Они как — просто все это оцепили и бычков, как сказать, выпустили на дикий выгул. Весь Спас-Деменский район забил этот «Мираторг», все оккупировано. Не просто огорожено — ездят на уазиках, все проверяют. Местные говорят, что это такая сила, у них каждый бычок чипованный, не дай бог своруют — везде разъезжают, ловят. Как они так могли? Мы там самолет искали, ходили по краю водоема — все равно подъехал, говорит: «Вы не имеет права». Как так? Скандалить не хочется. Ходил в администрацию, говорил, что мешают работать, отвечают: «А что мы можем сделать? Ты знаешь, чей этот "Мираторг"? Медведева!» Я говорю: «Ну как же так, они же пасутся на боевых позициях, мы же можем просто проверить и закопать потом. Им же лучше, мы местность уберем от железа». Отвечают: «С ними не договоришься». Ну и да ладно, еще места хватает. Да и возраст уже пришел, наверное. Все скоро. Не знаю, в этом году еще, надеюсь, успею. Приезжай, побываешь на высоте, посмотришь, как ее изуродовали. Боже мой... Военно-историческое мемориальное общество. Все могилы сровняло под плитку нафиг. Поставили какой- то памятник ополченца типовой, хотя там воевали автоматчики, молодые пацаны. А у них проект — все сровнять и написать «Никто не забыт, ничто не забыто». Вот именно, что никто не забыт. И дяденька с винтовкой, ополченец, которому памятник надо ставить в Наре, — это здесь были старики да ополченцы, все дивизии такие: 110-я, 4-е ДНО, 113-я, 5-е ДНО — дивизии народного ополчения, туда шли одни старики. А тут по подъему смотришь даже — все молодые. Она и звалась-то, высота, Комсомольской — одни комсомольцы в основном. Но вот так удобней.
Манит лес, конечно. К весне те ребята, которые по-настоящему этим занимаются: Ваня, Витя Матин, Вася — они уже все: карты, карты, карты. А я говорю: «Какие карты? Вон мои карты, заключение: рак легкого». Лечиться средства нужны, а мне еще на поход надо деньги собирать. Еще и выставку афганцам обещал, надо сделать успеть, все оформить.
Самая главная моя заслуга — что люди лежат в братской могиле и не гниют, и не топчут их. Это в Московской области нам не дают: часть зенитчиков тогда мы достали, а часть пошла под коттеджи. Не дали. Пришли — а уже залит фундамент.

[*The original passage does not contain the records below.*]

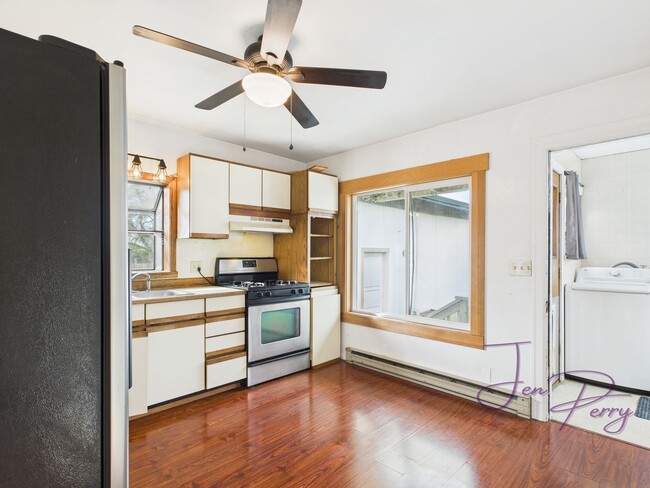 Photo - Two Bedroom One Bath House for Rent in Everson with Detached Garage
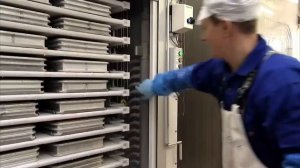 DSI Эксплуатация горизонтального плиточного скороморозильного аппарата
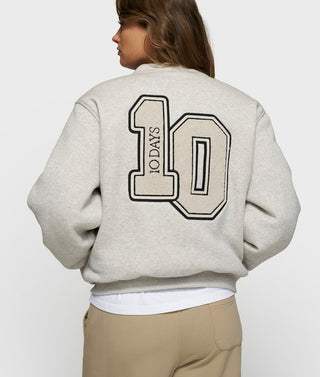 white grey melee 4024;2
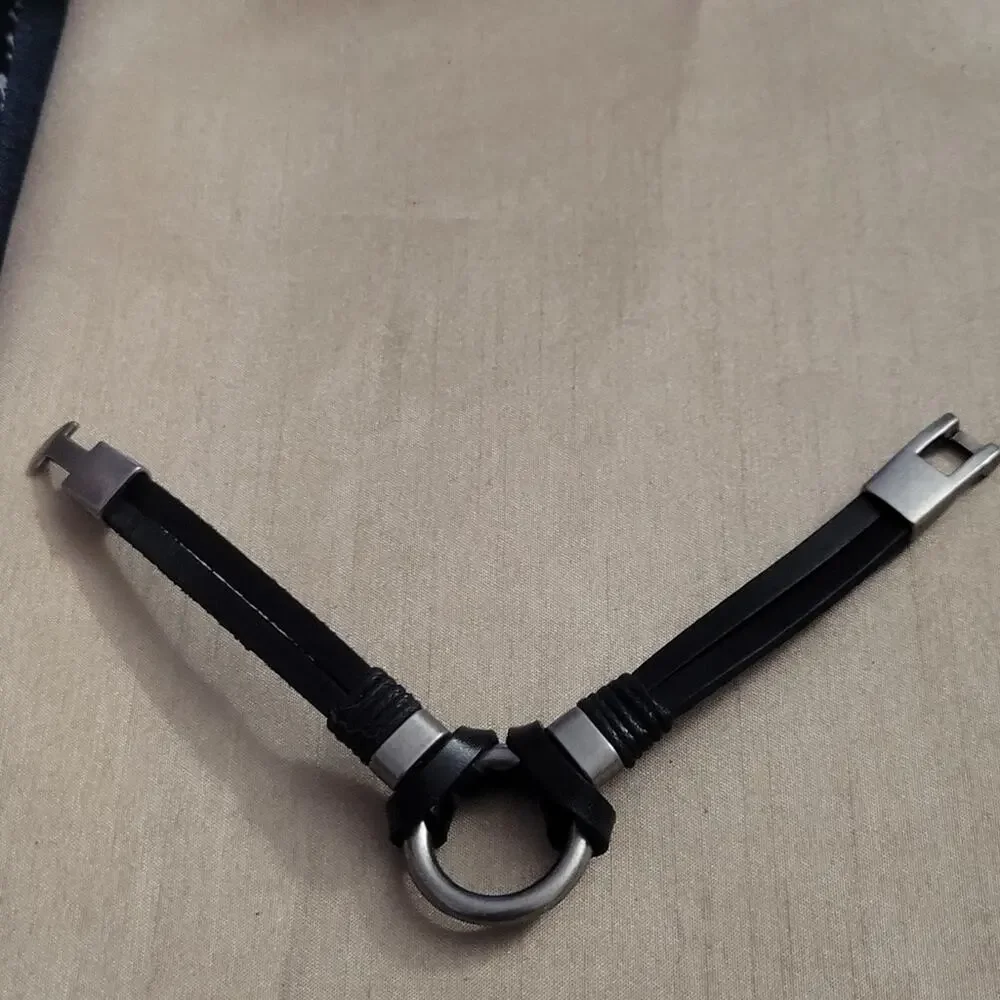 Black synthetic leather O-ring bracelet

Каждый поиск — он по-своему разный, каждый раз все по- другому, хотя на одну и ту же высоту приходишь. Встречаешь других людей, выкапываешь в совсем неожиданном месте — хотя бы взять эту историю про штурмовиков. В первый раз выкопали прямо за старым памятником — Серега надыбал — противотанковый ров сзади памятника, всего лишь шестьдесят метров от него. Была самая сухая погода, было лето сильно сухое. Прыгнули в ров — в первый раз проскочили, потому что уже рука набита. Если раз, чего-нибудь зацепил — сразу понимаешь по сигналу, что там. И сигнал такой, что там по-любому «кучерявый» (это у катюшиного реактивного снаряда такая труба, как лиана, — это двигатель, где был порох, который двигал ракету, а в момент взрыва эта штука разрывалась). Мы в таких местах даже и не разрывали, это 320 калибр, если такая штука долбанула, представляешь — не будет ничего. Несколько раз прошли, а в конце
Воробей все же копнул. А там панцирь идет, нагрудник, НС-42 называется — нагрудник стальной 42-го года выпуска. И под ним боец в полном сборе. Может, видел — мы в Казань отвозили его. Пробит насквозь этот панцирь, при нем телефонный аппарат, запасная катушка связи, пустая катушка связи. Весь. И самое интересное: нашли при нем орден, я говорю: «Там, наверное, человек с винтовкой, это орден Красной Звезды». Отвечают: «Нету». А, оказалось, он у него затерся — терся об этот панцирь. Мгновенно мне знакомый пробил, что это Кузьмин, с Татарстана. Мы его не стали со всеми хоронить, убрали в отдельную времяночку[38]. Ездили потом в Казань. Татары, честно сказать, молодцы, мы так были рады. Там его захоронили. А потом начали пробивать: официально потери панцирников там, в Гнездилово — всего два человека. Остальное — раненые, то да се. Чему я не верил: был уверен, что скрывают.